La SARL TOITURE SERVICE, qui est la partie perdante, sera déboutée de ses demandes en remboursement de ses frais de procédure répétibles et irrépétibles et il est équitable qu'elle soit condamnée à payer la somme de 800 euros à la SA PACIFICA sur le fondement de l'article 700 du Code de Procédure Civile.

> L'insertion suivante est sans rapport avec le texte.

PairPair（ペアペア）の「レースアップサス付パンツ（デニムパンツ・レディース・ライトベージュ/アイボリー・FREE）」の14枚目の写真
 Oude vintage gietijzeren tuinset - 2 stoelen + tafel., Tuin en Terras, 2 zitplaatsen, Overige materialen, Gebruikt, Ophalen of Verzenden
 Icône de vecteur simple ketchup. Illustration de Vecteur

Elle sera également condamnée à payer les dépens de première instance, d'appel et d'opposition à la SA PACIFICA, dont l'Avoué sera autorisé à faire application de l'article 699 du Code de Procédure Civile.

PAR CES MOTIFS

LA COUR, statuant par arrêt contradictoire prononcé par mise à disposition au greffe, conformément aux dispositions de l'article 450 alinéa 2 du code de procédure civile,

DECLARE l'opposition recevable et rétracte l'arrêt du 7 décembre 2009 ;

INFIRME le jugement déféré, et statuant à nouveau :

DECLARE la SARL TOITURE SERVICE responsable du dommage causé le 30 novembre 2006 au véhicule automobile de Mademoiselle Christelle CONSOLI ;

CONDAMNE la SARL TOITURE SERVICE à payer à la SA PACIFICA la somme de SIX MILLE TROIS CENT DIX EUROS ET CINQUANTE ET UN CENTIMES (6.310,51 €), avec intérêts au taux légal à compter du 3 décembre 2008 ;

DEBOUTE la SA PACIFICA de sa demande de dommages et intérêts pour résistance abusive ;

DEBOUTE la SARL TOITURE SERVICE de sa demande fondée sur l'article 700 du Code de Procédure Civile ;

CONDAMNE la SARL TOITURE SERVICE à payer à la SA PACIFICA la somme de HUIT CENTS EUROS (800 €) sur le fondement de l'article 700 du Code de Procédure Civile ;

CONDAMNE la SARL TOITURE SERVICE aux dépens et autorise la SOCIÉTÉ CIVILE PROFESSIONNELLE LEINSTER, WISNIEWSKI et MOUTON, Avoués, à faire application de l'article 699 du Code de Procédure Civile.